-- Opening Marker --

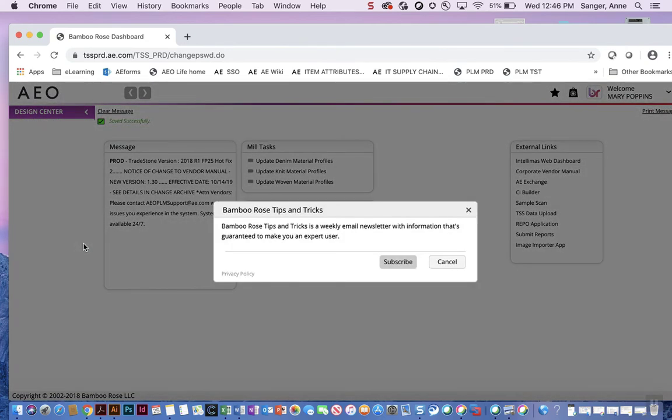After successfully updating your password, you will be sent to the home page of the PLM system, also known as the dashboard. If you receive the tips and tricks pop-up window, click cancel.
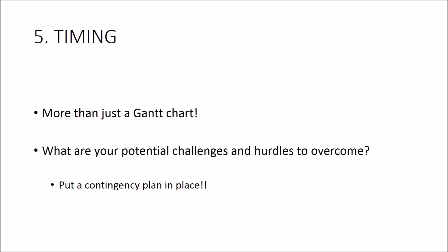To really show how committed you are to finishing in good time, lay out the potential hurdles that you've got to overcome. For example, is obtaining ethical approval for your project likely to take a long time? If so, what will you be doing while waiting for this to come through? Do you have any contingency plans for when things go wrong? Which inevitably throughout the course of a PhD they will.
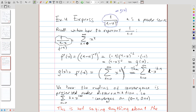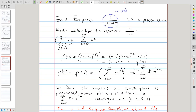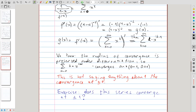To summarize what we did: we were asked to express g(x) as a power series. We related it to f(x), which we already knew how to express as a power series, by observing that g(x) is the derivative of f(x). Then, using the theorem, we obtained the power series for g(x) by differentiating the power series for f(x) term by term.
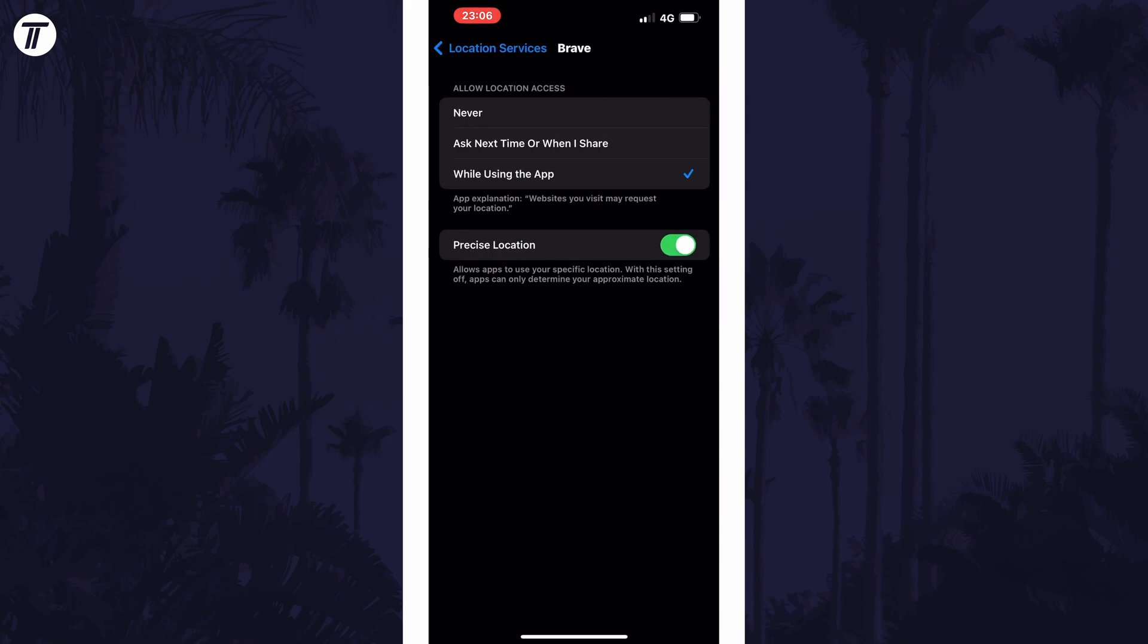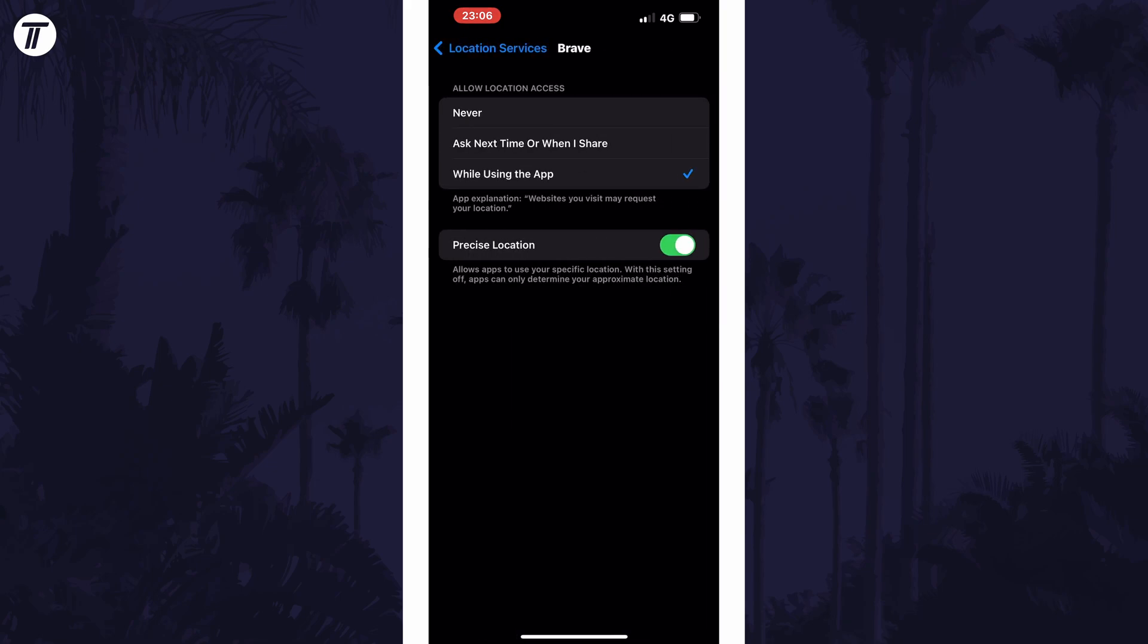Tap on an app and then you have the option to enable or disable precise location for just this app on this page.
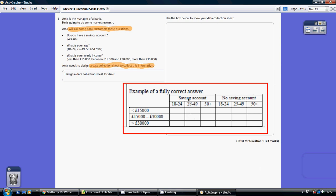We've got our savings accounts. If they have a savings account, this is their age range. If they don't have a savings account, this is their age range. And then here are the three income categories.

-- Closing Marker --

Reproduce, exactly and with no pictures, the lines from the line containing "To summarize what" through the closing line of the data above, keeping both ends.

Final answer ::
To summarize what we did: we were asked to express g(x) as a power series. We related it to f(x), which we already knew how to express as a power series, by observing that g(x) is the derivative of f(x). Then, using the theorem, we obtained the power series for g(x) by differentiating the power series for f(x) term by term.
Tap on an app and then you have the option to enable or disable precise location for just this app on this page.
We've got our savings accounts. If they have a savings account, this is their age range. If they don't have a savings account, this is their age range. And then here are the three income categories.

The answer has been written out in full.